Opal Greyson, clinical nurse specialist in viral hepatitis at the Royal London Hospital, has developed a “buddying scheme” to match hepatitis C patients from similar backgrounds
Aim of the Scheme
The overall aim of the scheme was to ensure patients successfully completed treatment, by providing bespoke support. Key audiences included:
• Patients who do not speak fluent English
• Patients who do not live near the hospital
• Patients who are reluctant to publicly discuss their hepatitis C status
How was the project carried out?
Patients are referred to Opal shortly before they commence treatment. This is a time when patients may have queries about treatment, which can have severe side-effects. Patients can benefit from support from somebody who has already experienced treatment.
Opal’s patients come from a range of countries, and sometimes speak only a limited amount of English. Opal recognised the need to provide services tailored to the individual needs of patients.
In 2005, it was agreed that the nursing team would establish two separate support groups at the hospital, one for English-speaking patients and one for patients from the South Asian community, which formed a significant proportion of patients receiving treatment for hepatitis C at the hospital.
The English-speaking group was to be trialled as a pilot initially, and the Urdu-speaking group would build on learnings from the pilot.
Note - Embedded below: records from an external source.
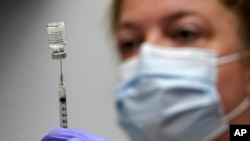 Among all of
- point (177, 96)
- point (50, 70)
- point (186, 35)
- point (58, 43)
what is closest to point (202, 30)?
point (186, 35)

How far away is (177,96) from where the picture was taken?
937 millimetres

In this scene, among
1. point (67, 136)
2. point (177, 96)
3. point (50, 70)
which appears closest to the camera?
point (177, 96)

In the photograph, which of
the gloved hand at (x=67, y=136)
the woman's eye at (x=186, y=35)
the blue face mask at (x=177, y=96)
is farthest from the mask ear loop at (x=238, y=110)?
the gloved hand at (x=67, y=136)

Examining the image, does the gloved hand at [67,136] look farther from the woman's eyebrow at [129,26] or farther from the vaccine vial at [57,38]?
the woman's eyebrow at [129,26]

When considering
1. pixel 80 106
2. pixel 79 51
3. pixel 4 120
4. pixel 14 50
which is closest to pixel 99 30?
pixel 79 51

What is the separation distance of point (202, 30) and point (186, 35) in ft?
0.11

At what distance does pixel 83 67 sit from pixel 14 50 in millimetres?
330

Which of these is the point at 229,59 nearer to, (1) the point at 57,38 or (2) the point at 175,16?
(2) the point at 175,16

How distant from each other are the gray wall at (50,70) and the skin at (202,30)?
1.46ft

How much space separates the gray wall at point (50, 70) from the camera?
4.95 feet

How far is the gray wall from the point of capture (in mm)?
1510

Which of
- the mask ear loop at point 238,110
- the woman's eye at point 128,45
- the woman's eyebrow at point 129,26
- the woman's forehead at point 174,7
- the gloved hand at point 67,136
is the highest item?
the woman's forehead at point 174,7

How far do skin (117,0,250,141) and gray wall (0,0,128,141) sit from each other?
0.44 metres

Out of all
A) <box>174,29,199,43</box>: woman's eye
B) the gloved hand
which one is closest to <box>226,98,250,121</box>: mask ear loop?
<box>174,29,199,43</box>: woman's eye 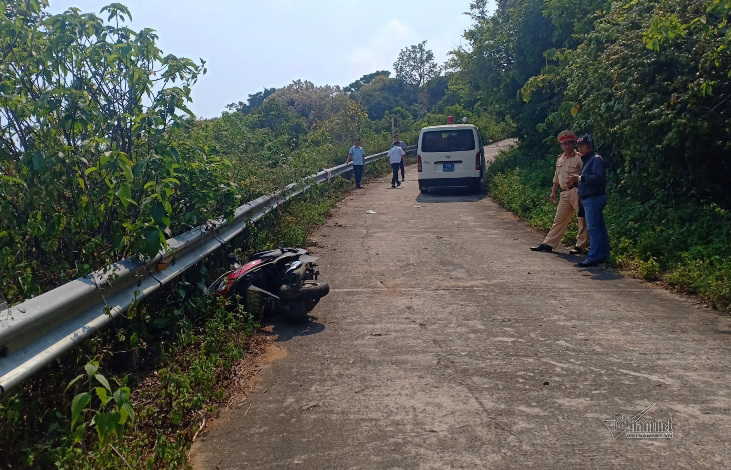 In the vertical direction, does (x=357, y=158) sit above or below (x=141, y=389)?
above

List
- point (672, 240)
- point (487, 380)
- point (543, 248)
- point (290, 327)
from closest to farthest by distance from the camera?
point (487, 380)
point (290, 327)
point (672, 240)
point (543, 248)

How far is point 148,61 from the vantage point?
5938 mm

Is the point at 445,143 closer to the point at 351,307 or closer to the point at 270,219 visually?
the point at 270,219

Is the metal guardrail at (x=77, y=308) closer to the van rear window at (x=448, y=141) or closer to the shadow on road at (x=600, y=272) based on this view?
the shadow on road at (x=600, y=272)

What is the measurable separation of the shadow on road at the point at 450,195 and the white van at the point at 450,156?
13.1 inches

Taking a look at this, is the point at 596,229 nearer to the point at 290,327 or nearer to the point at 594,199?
the point at 594,199

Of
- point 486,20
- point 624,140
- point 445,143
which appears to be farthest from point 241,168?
point 486,20

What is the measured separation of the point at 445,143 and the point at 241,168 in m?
9.12

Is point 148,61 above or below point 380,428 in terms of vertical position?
above

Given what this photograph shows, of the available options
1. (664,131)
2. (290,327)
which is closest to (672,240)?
(664,131)

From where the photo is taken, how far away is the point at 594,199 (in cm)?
923

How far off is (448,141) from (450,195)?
1434 millimetres

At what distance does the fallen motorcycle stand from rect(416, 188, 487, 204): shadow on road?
10502mm

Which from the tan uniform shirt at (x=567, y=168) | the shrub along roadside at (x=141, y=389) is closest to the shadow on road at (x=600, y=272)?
the tan uniform shirt at (x=567, y=168) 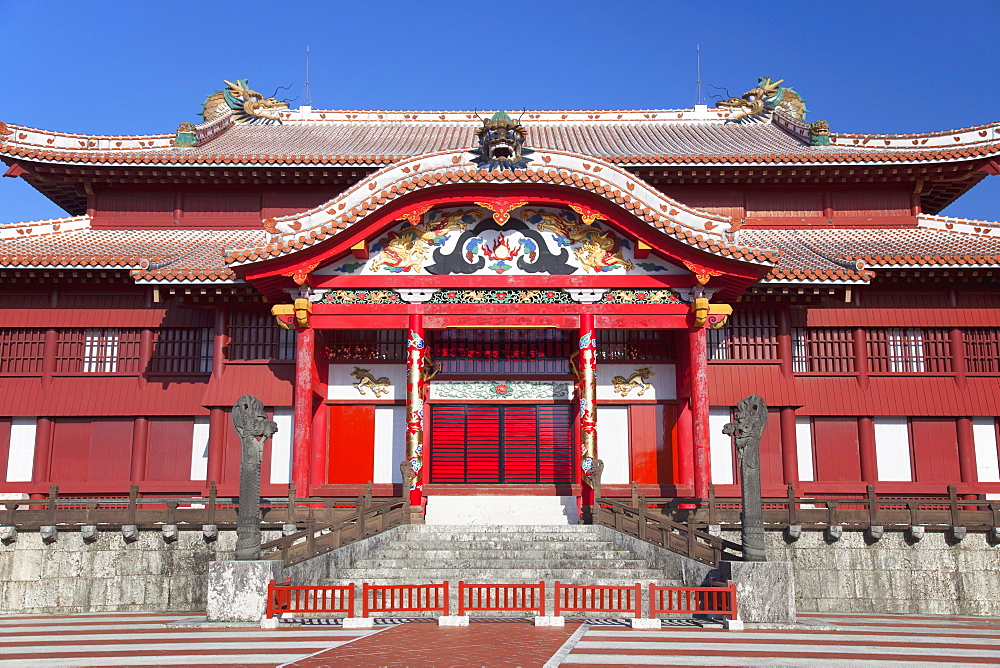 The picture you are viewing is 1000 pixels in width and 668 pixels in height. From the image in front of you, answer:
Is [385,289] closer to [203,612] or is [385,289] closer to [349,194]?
[349,194]

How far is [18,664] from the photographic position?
9.88 m

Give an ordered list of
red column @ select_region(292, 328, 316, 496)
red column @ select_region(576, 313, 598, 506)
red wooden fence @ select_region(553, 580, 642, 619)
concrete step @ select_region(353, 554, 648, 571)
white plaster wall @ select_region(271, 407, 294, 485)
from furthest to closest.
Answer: white plaster wall @ select_region(271, 407, 294, 485) → red column @ select_region(292, 328, 316, 496) → red column @ select_region(576, 313, 598, 506) → concrete step @ select_region(353, 554, 648, 571) → red wooden fence @ select_region(553, 580, 642, 619)

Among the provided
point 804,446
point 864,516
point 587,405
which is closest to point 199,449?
point 587,405

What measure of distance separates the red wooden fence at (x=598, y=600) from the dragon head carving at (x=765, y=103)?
20821 mm

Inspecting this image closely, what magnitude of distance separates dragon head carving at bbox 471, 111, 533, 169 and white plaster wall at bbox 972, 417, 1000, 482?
13482mm

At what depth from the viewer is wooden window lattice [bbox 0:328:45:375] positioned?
21.6 metres

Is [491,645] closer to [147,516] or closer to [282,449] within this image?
[147,516]

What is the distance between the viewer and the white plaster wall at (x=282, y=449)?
2116 cm

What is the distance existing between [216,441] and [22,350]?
5780 millimetres

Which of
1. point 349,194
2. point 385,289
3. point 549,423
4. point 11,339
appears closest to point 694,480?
point 549,423

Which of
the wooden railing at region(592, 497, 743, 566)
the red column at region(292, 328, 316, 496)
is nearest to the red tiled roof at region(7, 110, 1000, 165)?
the red column at region(292, 328, 316, 496)

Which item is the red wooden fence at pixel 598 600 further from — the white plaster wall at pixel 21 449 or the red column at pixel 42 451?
the white plaster wall at pixel 21 449

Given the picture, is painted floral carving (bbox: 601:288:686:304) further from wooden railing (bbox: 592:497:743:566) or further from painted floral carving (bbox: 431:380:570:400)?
wooden railing (bbox: 592:497:743:566)

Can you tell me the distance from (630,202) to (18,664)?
14.1 meters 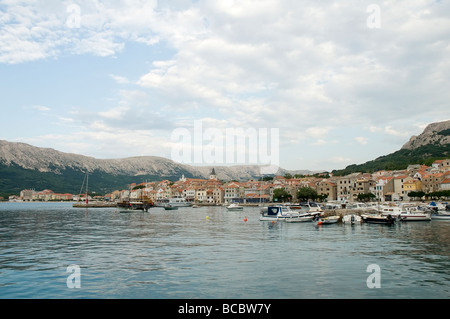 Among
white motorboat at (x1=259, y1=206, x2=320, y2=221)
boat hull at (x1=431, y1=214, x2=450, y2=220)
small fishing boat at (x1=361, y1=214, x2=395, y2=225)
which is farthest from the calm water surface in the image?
boat hull at (x1=431, y1=214, x2=450, y2=220)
Opal identified two former patients to lead each group.
Despite publicising the support group, only one further patient attended the first meeting. Patients receiving treatment at the hospital came from a wide geographical area, and the team believed that patients were being dissuaded from attending due to the potentially long journeys to the hospital.
Establishing a Buddying Scheme
While the support group had not worked as planned, the team still felt patients should have access to peer-to-peer support. This was particularly necessary for South Asian patients who did not speak English fluently, as they would not be able to access other forms of support, such as websites, so readily.
The South Asian patient whom Opal had identified previously – Shahnaz – had a detailed understanding of the virus. As well as having undergone treatment herself, Shahnaz had also acted as a translator for her Punjabi-speaking husband when he underwent treatment.
As the team believed the obstacle in establishing support groups had been the distances people would need to travel to attend, Opal asked Shahnaz whether she would be happy to offer one-to-one support over the telephone. As a fluent speaker of Urdu and Punjabi, as well as English, Shahnaz could communicate with the other patients in the most appropriate language.
What was achieved?
Over two years, Opal has facilitated the opportunity for ten patients to speak to Shahnaz, and has offered the opportunity to many more. Opal always contacts Shahnaz in advance and briefs her on any specific topics that may be raised.
Generally, the conversations involve the discussion of treatment and managing side-effects. As current research indicates that hepatitis C is more prevalent in South Asian countries, some patients have heard horror stories about distant relatives’ experiences of treatment. While the treatment can sometimes have significant side-effects, it is important that patients are not put off treatment due to excessively negative reports.
In some cases, patients feel suitably reassured after one conversation. However, others like to speak to their buddies as treatment progresses. Due to a shared cultural background, patients are sometimes more receptive to what Shahnaz had to say about the virus and its treatment than they are to healthcare professionals.
The team recognised that other sensitivities, aside from cultural differences, may also prevent some patients from attending a ‘public’ support group. For example, two patients, who both have high-profile jobs, had concerns that speaking publicly about how the virus may negatively affect their careers. Opal has offered these two patients the opportunities to act as ‘buddies’ through treatment.
Due to the nature of her work, Opal learns a lot about the backgrounds of her patients, and will pair patients based on personal attributes, for example because they have similar jobs.
Over time, Opal has paired a number of patients who are not from the South Asian community. However, as it is an informal scheme, there is no conclusive figure on how many ‘buddy pairs’ have been formed.
• “Support groups don’t work for everyone”
While it is necessary to ensure patients have access to appropriate support, traditional support groups are not always effective. A number of factors, including cultural sensitivities and geographical distances can act as barriers to the success of support groups. Buddying schemes can act as an appropriate alternative, and in some case can provide a greater level of support.
• “Good nurse-patient relationships are key”
The buddying scheme is predominantly reliant on nurses building a good relationship with patients. Through this relationship, the team can pair appropriate “buddies” and secure the support of former patients to buddy new patients.
Opal feels the buddying scheme has successfully improved the level of support available for patients. In the future, the team aims to build on this success by partnering more patients, specifically those from backgrounds where traditional support groups may not be the most appropriate.